Strengths: This is a strong paper in my view. The importance of matrix square roots and inverse square roots to the NeurIPS community (and, indeed, much of the computational mathematics community) is clear and well-motivated in the paper. The discussion of how to obtain gradients for the procedure makes this work particularly well-suited to the NeurIPS community. The theoretical results provided are natural and what one would expect to see for such a paper. The experimental validation in Sections 4 and 5 feels complete, on the whole (with a few minor gaps that I discuss under “weaknesses”). In particular, the applications in Section 5 come across as both challenging and realistic, and the performance exhibited by the proposed method is very impressive.
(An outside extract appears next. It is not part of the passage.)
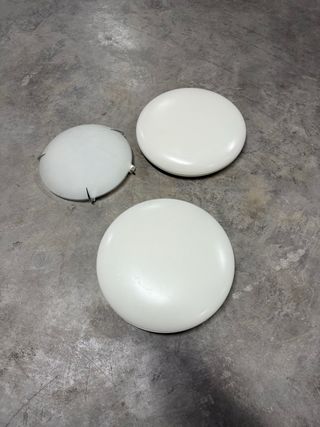 Lámpara redonda blanca (2 unidades)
Weaknesses: Krylov methods often suffer from a high degree of numerical instability which was not mentioned or explored in the paper or its supplement. I believe this warrants mention, and ideally some exploration in the text, though I appreciate that there may not be space in the paper for a detailed exploration. One might well start to see issues with convergence if the tolerance were set to below the stated value of 10^-4, and readers should at least be informed of this even if the impact of it is not explored. The example detailed in Section 5.3 is impressive but feels rather incomplete - a comparison to a classical method for computing the Cholesky would help to provide context here. I expect that the point the authors are trying to make here is that 25k x 25k problem that is tackled is not accessible to classical Cholesky factorisations, but a plot of wall time per sample vs. dimension, for both the new solver and a classical Cholesky solver would help the reader to ascertain how impressive 0.61s per-sample really is.
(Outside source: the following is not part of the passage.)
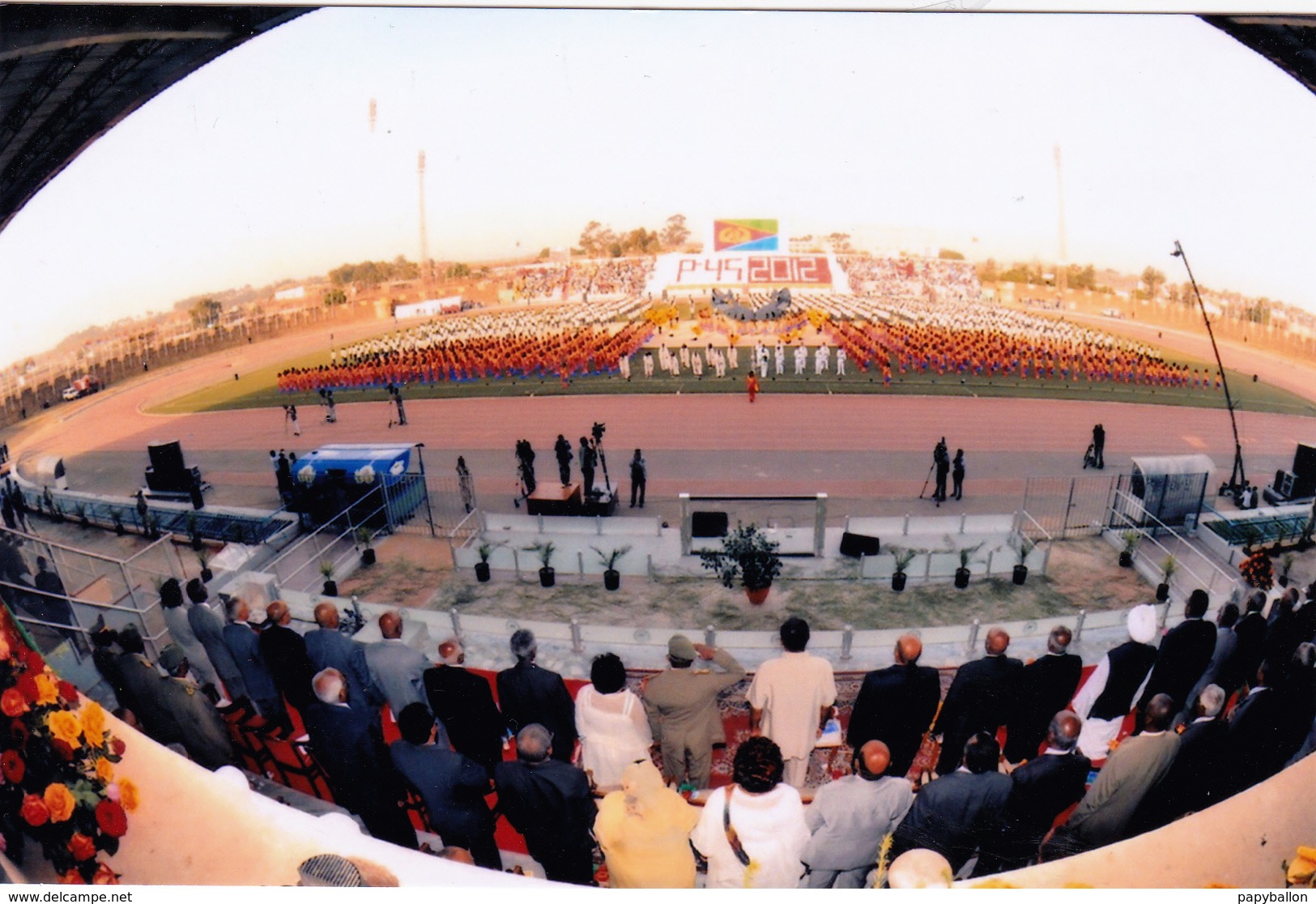 CARTE DE STADE DE.ASMARA    ERYTREE  OLYMPIC STADIUMI#  MS. 219 - Voetbal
Correctness: While the algorithm certainly appears to work in practise, I do not believe that Theorem 1 is correct. The proof relies on Lemma 2 in the supplement, which claims that the following bound holds: ( (\sqrt{\kappa(K + t I)} - 1) / (\sqrt{\kappa(K + t I)} + 1 )^J \leq ( (\sqrt{\kappa(K)} - 1) / (\sqrt{\kappa(K)} + 1) )^J This is clearly not the case. For a trivial counterexample set K = 4 * I and t = 5 - then on the left we have (1/2)^J and on the right (1/3)^J - the former is clearly larger than the latter for any positive J. While this is a small error and does not dismiss the approach (clearly the method works by examining the experiments), unfortunately it renders Theorem 1 incorrect and is probably too large an error to correct at this stage. Property 1 appears to claim that the resulting algorithm has a computational cost independent of the number of quadrature points Q. This appears only to represent the cost of msMINRES. Examining Appendix B one can see that the cost from CIQ must be linear in Q with a multiplier that depends on how \lambda_min and \lambda_max are estimated (if the method in B.3 is used, this is likely also \xi(K)). While I appreciate that this is negligible, I would suggest that the authors modify the text slightly to address this - either by explicitly including the dependence on Q or by noting that it is negligible when Q is small. EDIT: thanks to the authors for addressing this concern completely, and apologies for my mistake in assessing your proofs!

Clarity: The paper is generally extremely well written, clear and easy to follow.

Relation to Prior Work: A good set of citations is provided. The authors highlight, several “competing” methods for this problem (both existing Krylov methods in sec 3.4 and other approaches to rank reduction in sec 5.2) and discuss their relative merits. It would have been nice to see a more concrete comparison to the authors’ cited works [3, 4, 12].

Reproducibility: Yes

Additional Feedback: On line 183 there is an unfortunately placed footnote which makes the computational cost appear to be O(M^3)^3 - this might be wise to move! It is unfortunate that Theorem 1 is incorrect, as I very much like this paper.